Zahlreiche Bauern verließen im 17. und 18. Jahrhundert ihre Heimat in Norddeutschland und wanderten in die Neue Welt aus. Auf den Schiffen drängten sich damals nicht nur die menschlichen Passagiere von der Küste, sondern auch ihr kostbarstes Eigentum: Kühe.

Die Wiederkäuer aus Holstein und Friesland lieferten in ihrer Heimat Milch, Fleisch und vor allem auch Arbeitskraft. Die Rinder wurden als Lasttiere eingesetzt und pflügten die norddeutschen Äcker.

Doch anders als in Norddeutschland waren Kühe als Arbeitstiere in Amerika vollkommen überflüssig: Pferde verrichteten diese Dienste hier schneller und günstiger. Selbst auf dem Fleischmarkt konnten die norddeutschen Kühe nicht mit den Konkurrenten mithalten, die für diesen Zweck in der Neuen Welt gehalten wurden: Angus-Rinder waren dort als Fleischlieferanten längst etabliert.

In der Disziplin "Milchgeben" allerdings waren die schwarzweißen Neuankömmlinge unschlagbar, und bald wurden die jetzt Holstein-Friesian genannten Rinder auf eine immer höhere Milchausbeute hin gezüchtet.

Bis heute ist das kurz HF-Kuh genannte Holstein-Friesian-Rind der Milchlieferant schlechthin.

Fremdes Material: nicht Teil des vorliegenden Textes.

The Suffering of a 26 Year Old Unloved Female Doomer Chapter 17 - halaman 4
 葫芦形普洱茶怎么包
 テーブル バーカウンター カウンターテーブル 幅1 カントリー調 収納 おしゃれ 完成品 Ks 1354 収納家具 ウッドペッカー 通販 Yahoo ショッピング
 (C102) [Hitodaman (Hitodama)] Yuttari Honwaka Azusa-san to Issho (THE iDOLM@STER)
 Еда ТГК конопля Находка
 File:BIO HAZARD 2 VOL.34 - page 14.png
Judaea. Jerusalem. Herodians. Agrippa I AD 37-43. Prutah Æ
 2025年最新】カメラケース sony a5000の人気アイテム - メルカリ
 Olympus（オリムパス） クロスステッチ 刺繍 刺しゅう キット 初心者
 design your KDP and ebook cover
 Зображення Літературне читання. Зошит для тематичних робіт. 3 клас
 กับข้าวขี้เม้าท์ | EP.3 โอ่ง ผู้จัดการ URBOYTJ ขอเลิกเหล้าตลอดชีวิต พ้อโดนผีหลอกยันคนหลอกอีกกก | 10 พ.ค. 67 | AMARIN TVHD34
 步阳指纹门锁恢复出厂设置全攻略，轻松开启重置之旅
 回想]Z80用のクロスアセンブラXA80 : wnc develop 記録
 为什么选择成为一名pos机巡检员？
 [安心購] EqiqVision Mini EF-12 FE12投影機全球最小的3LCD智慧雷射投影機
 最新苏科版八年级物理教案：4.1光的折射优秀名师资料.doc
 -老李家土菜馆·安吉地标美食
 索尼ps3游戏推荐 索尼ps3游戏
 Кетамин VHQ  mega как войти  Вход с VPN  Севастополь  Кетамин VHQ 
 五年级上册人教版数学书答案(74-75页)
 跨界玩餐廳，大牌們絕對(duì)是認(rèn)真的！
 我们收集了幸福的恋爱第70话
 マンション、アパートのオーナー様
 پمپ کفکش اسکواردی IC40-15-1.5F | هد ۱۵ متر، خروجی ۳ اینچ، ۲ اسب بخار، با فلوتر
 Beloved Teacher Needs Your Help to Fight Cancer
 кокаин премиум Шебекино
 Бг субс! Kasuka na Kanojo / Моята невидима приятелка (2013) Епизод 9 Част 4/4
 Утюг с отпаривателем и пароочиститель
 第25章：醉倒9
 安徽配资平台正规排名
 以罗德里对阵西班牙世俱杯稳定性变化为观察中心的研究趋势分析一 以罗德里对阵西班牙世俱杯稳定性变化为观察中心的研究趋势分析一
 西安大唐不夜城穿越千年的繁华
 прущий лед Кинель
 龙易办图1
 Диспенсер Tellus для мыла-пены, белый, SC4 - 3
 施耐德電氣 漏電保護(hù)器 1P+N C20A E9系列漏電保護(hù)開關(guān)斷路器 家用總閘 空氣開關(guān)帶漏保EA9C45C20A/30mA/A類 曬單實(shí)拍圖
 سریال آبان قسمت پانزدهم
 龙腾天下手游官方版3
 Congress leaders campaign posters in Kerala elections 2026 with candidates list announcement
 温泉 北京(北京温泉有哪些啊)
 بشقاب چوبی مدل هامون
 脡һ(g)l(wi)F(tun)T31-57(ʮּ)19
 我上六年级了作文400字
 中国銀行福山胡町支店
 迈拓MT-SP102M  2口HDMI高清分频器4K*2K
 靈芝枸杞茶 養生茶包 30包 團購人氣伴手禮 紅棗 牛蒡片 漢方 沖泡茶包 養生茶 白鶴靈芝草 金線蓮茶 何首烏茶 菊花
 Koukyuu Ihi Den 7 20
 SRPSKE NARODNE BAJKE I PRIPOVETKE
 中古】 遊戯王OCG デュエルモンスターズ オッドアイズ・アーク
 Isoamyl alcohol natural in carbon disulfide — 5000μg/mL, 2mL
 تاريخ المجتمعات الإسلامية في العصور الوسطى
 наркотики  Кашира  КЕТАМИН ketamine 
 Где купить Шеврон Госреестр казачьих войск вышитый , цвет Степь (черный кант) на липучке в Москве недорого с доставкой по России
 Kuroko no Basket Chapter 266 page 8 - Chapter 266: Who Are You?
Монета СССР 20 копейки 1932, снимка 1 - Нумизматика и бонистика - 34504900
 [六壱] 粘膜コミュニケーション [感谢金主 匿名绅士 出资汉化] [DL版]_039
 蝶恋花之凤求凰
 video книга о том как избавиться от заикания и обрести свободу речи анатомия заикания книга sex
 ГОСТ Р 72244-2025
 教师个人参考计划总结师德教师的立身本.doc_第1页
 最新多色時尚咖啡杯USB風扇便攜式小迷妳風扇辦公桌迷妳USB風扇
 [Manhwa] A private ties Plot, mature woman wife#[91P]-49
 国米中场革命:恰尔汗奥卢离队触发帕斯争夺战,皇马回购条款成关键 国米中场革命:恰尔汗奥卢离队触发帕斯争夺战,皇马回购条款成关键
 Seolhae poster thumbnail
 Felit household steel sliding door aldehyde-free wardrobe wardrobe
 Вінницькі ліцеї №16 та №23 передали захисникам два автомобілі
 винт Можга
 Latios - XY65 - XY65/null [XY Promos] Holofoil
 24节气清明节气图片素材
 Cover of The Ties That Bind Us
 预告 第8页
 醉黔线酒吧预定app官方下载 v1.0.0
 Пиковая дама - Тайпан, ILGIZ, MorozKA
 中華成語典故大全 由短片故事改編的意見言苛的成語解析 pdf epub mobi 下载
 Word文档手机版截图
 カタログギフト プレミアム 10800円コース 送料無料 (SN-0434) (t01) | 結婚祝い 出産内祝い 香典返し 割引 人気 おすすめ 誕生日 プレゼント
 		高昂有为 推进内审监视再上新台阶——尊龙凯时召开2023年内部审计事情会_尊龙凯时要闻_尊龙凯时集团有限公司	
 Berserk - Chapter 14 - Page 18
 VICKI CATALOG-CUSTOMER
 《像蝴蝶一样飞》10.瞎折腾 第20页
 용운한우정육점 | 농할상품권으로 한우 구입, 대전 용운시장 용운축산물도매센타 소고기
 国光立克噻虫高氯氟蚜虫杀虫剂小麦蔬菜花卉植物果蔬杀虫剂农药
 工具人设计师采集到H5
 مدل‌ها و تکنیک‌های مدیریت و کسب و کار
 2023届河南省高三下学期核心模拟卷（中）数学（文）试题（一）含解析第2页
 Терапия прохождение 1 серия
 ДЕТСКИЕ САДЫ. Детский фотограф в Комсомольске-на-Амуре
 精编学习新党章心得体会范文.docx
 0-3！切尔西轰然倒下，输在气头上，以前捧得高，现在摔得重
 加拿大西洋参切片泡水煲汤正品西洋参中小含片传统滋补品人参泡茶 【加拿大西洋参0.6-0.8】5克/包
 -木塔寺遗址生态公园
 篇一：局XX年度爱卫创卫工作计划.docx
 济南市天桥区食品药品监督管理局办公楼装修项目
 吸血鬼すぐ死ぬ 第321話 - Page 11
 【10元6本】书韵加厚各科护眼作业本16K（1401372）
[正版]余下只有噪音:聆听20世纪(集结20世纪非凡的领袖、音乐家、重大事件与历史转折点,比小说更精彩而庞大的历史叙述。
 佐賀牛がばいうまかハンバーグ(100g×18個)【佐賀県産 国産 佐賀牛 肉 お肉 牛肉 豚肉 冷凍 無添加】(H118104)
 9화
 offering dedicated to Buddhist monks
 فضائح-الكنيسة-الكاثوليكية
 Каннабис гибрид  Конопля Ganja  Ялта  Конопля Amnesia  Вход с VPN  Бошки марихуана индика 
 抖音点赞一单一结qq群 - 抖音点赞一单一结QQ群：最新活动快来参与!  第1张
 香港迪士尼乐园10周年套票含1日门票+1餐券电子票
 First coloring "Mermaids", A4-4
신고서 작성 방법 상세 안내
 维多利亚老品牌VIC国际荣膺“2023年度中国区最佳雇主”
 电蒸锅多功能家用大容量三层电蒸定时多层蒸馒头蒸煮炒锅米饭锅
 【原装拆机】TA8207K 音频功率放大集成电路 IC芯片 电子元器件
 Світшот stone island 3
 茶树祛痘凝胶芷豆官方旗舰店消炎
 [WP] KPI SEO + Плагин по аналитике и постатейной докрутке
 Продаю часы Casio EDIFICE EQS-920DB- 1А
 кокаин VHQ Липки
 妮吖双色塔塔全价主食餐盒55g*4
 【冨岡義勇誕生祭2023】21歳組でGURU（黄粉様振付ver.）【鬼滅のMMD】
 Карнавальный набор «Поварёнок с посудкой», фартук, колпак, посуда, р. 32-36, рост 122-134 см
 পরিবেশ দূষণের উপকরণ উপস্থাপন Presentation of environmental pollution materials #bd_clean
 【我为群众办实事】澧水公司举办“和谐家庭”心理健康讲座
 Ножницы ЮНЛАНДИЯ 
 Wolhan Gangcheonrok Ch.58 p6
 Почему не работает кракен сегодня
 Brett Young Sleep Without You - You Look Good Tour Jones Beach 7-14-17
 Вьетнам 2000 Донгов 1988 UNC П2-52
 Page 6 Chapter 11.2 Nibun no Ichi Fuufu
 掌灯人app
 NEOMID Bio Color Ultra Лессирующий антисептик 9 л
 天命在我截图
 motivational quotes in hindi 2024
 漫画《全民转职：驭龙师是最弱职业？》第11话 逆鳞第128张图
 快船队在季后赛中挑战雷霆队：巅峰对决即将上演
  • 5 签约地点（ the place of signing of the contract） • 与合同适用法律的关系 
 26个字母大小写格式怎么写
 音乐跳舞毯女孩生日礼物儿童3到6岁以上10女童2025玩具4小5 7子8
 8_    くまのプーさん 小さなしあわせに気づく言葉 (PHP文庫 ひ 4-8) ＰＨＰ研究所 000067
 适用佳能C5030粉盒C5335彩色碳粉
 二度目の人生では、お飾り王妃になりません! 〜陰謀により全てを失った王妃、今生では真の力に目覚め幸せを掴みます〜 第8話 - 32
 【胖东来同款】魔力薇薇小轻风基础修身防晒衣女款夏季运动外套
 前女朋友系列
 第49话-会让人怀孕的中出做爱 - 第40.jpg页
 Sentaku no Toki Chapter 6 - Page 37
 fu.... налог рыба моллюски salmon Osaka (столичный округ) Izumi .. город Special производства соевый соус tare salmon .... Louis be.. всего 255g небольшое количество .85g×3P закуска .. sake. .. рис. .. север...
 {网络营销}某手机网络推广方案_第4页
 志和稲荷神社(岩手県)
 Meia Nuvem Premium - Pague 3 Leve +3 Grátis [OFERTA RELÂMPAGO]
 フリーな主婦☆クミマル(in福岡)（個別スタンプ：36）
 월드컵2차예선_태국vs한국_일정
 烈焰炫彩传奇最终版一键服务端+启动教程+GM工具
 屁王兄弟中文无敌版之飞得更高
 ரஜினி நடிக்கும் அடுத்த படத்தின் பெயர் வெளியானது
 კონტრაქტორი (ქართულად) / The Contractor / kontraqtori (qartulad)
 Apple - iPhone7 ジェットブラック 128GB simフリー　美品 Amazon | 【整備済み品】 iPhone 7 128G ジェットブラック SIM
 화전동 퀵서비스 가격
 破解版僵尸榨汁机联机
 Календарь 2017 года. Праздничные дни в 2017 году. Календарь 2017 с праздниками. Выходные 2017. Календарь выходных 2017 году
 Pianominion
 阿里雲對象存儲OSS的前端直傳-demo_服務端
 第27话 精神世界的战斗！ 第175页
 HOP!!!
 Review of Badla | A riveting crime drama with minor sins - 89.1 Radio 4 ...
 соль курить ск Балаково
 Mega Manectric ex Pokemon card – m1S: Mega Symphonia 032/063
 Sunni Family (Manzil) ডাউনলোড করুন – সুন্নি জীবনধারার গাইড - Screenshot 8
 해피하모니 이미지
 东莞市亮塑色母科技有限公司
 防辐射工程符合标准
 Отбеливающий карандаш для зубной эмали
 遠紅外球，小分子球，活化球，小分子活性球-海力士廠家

Immer noch steigern die Züchter die Leistungsdaten der Kuh, die inzwischen fast überall auf der Welt gezüchtet wird und aufgrund ihrer Leistungsfähigkeit zahlreiche Rassen verdrängt hat.

Gezüchtet für Rekorde

Ein moderner Kuhstall in Form eines Rundbaus.

Moderne Ställe sind fast schon Computerarbeitsplätze

Eine moderne HF-Kuh erinnert auch mehr an eine Milchmaschine denn an ein Tier: Im Einzelfall geben Tiere bis zu 16.000 Kilogramm Milch im Jahr und der gehobene Durchschnitt kommt auf 8000 bis 10.000 Kilogramm im Jahr. Unvorstellbare Mengen – genug, um daraus so viel Butter zu machen, dass die ganze Kuh damit aufgewogen werden könnte.

Der gesamte Organismus einer HF-Kuh ist auf die Milchproduktion abgestimmt, die für einen einzigen Liter Milch das eigene Euter mit einer halben Tonne Blut durchspülen muss.

Der Preis für die gigantischen Leistungsdaten der HF-Kuh ist ein Rinderleben, das mit dem nach Wildgras duftenden Alpenklischee glücklicher Kühe nichts mehr zu tun hat. Kühe aus echten Hochleistungsbetrieben kommen in der Regel gar nicht mehr auf die Weide – schon allein deshalb, weil unkontrolliertes Grasfressen die optimale Milchausbeute reduzieren würde.

HF-Kühe bekommen pro Tag etwa 25 Kilogramm Spezialfutter, eine Mischung aus Silage, Mais, Soja, Vitaminen und vielen anderen Stoffen. Das Futter wird oft computergesteuert gewogen und verteilt, damit jede Kuh die für sie optimale Ration bekommt.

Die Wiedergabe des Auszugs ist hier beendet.